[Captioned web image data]
—————

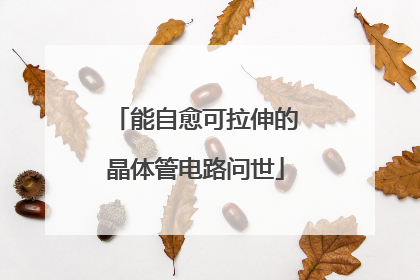 能自愈可拉伸的晶体管电路问世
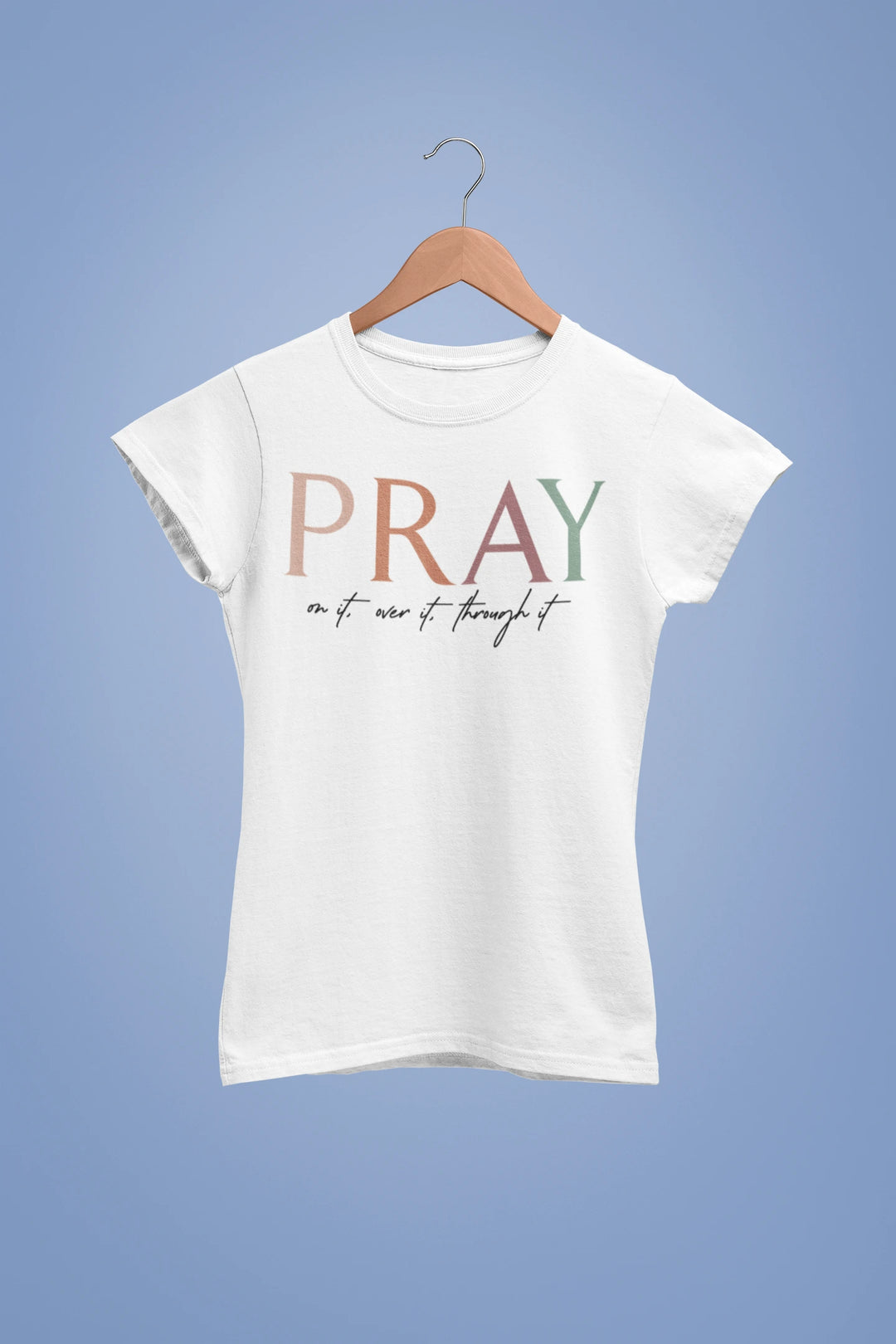 Pray Always Women's T-Shirt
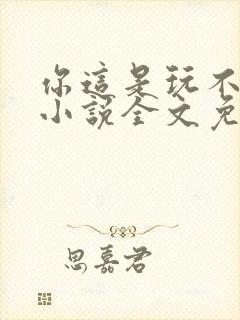 你这是玩不起呀小说全文免费阅读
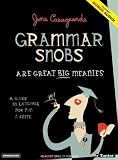 Grammar Snobs Are Great Big Meanies: A Guide to Language for Fun and Spite [MP3 CD]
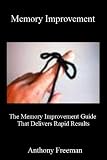 Memory Improvement (The Memory Improvement Guide That Delivers Rapid Results)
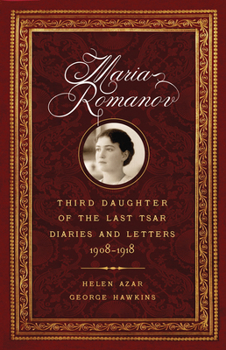 Hardcover Maria Romanov: Third Daughter of the Last Tsar, Diaries and Letters, 1908-1918 Book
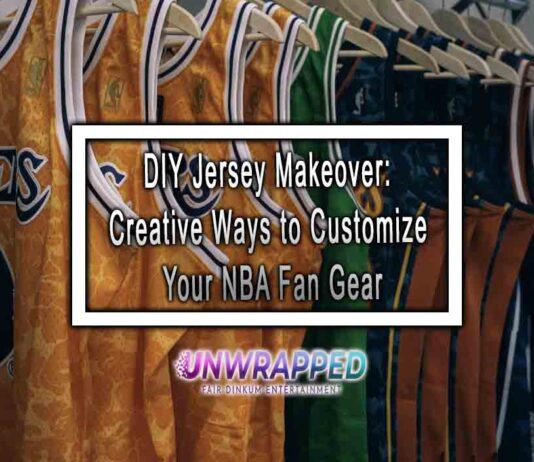 DIY Jersey Makeover: Creative Ways to Customize Your NBA Fan Gear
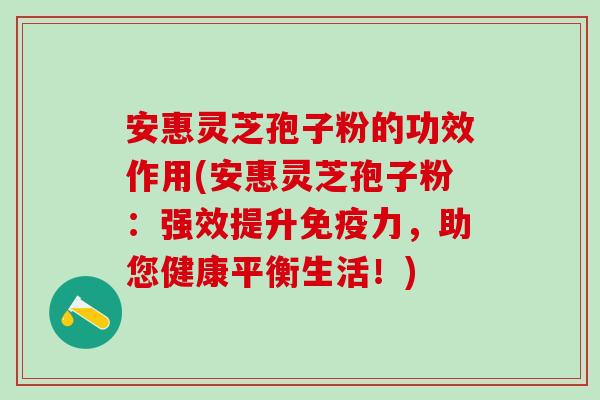 安惠灵芝孢子粉的功效作用(安惠灵芝孢子粉：强效提升免疫力，助您健康平衡生活！)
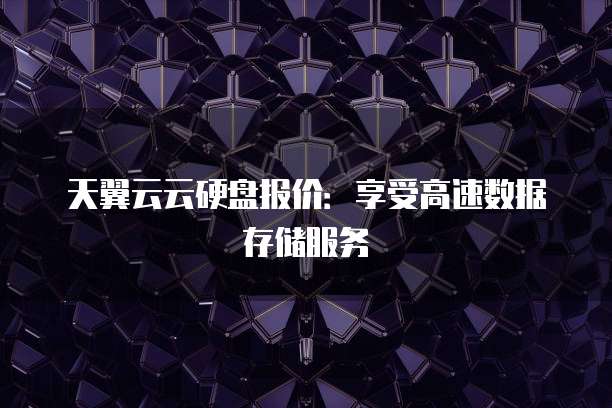 天翼云云硬盘报价:享受高速数据存储服务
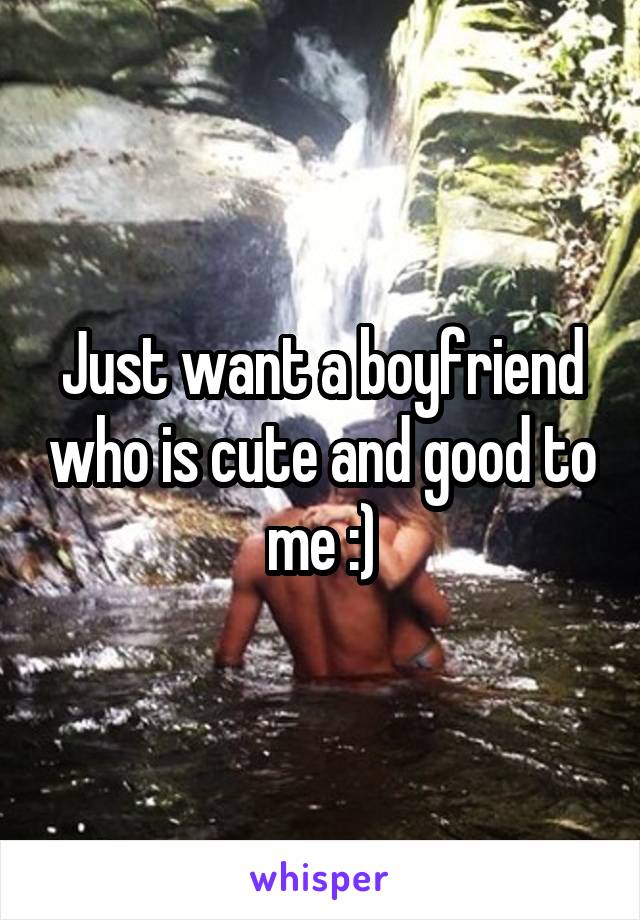 Just want a boyfriend who is cute and good to me :)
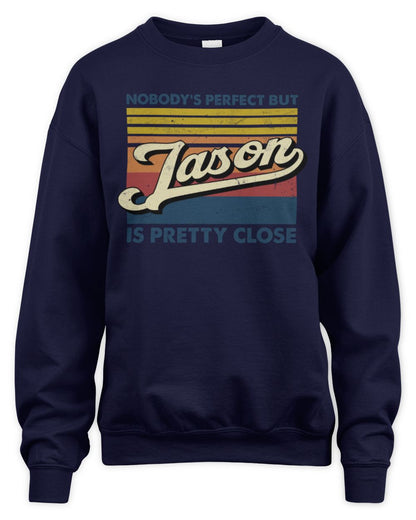 Nobody's Perfect But Your Name Is Pretty Close Retro Shirt JASON M1-65 / Unisex Sweatshirt / navy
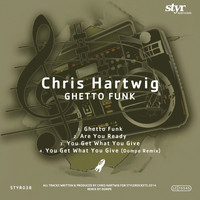 Chris Hartwig - Ghetto Funk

—————

* _Work instructions_: The data above, line by line: transcribe it exactly and drop the pictures.

* _Response box_:
 能自愈可拉伸的晶体管电路问世
 Pray Always Women's T-Shirt
 你这是玩不起呀小说全文免费阅读
 Grammar Snobs Are Great Big Meanies: A Guide to Language for Fun and Spite [MP3 CD]
 Memory Improvement (The Memory Improvement Guide That Delivers Rapid Results)
 Hardcover Maria Romanov: Third Daughter of the Last Tsar, Diaries and Letters, 1908-1918 Book
 DIY Jersey Makeover: Creative Ways to Customize Your NBA Fan Gear
 安惠灵芝孢子粉的功效作用(安惠灵芝孢子粉：强效提升免疫力，助您健康平衡生活！)
 天翼云云硬盘报价:享受高速数据存储服务
 Just want a boyfriend who is cute and good to me :)
 Nobody's Perfect But Your Name Is Pretty Close Retro Shirt JASON M1-65 / Unisex Sweatshirt / navy
 Chris Hartwig - Ghetto Funk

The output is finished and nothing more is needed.